--- Available data ---

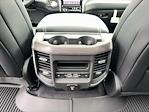 New 2026 Ram 1500 Laramie Crew Cab for sale #D26189 - photo 32
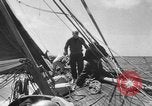 Immagine di Yachts Canale in inglese, 1951, secondo 34 filmato di repertorio 65675070977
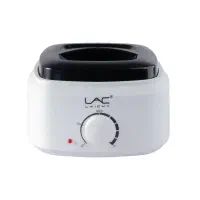 دستگاه موم گرمکن ذوب وکس لایچیL-2200فروشگاه آرمان|آرایشی، بهداشتی، درمانی|اصفهان, امامزاده اسماعیل|دیوار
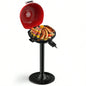 Portable BBQ Grill, Popular styles for  2025 year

---

■ Exercise aim ■
Pictures must be left out. Return verbatim only the lines from the line with "دستگاه موم گرمکن" through the final line of the material above, including both ends.

■ Answer to this task ■
 دستگاه موم گرمکن ذوب وکس لایچیL-2200فروشگاه آرمان|آرایشی، بهداشتی، درمانی|اصفهان, امامزاده اسماعیل|دیوار
 Portable BBQ Grill, Popular styles for  2025 year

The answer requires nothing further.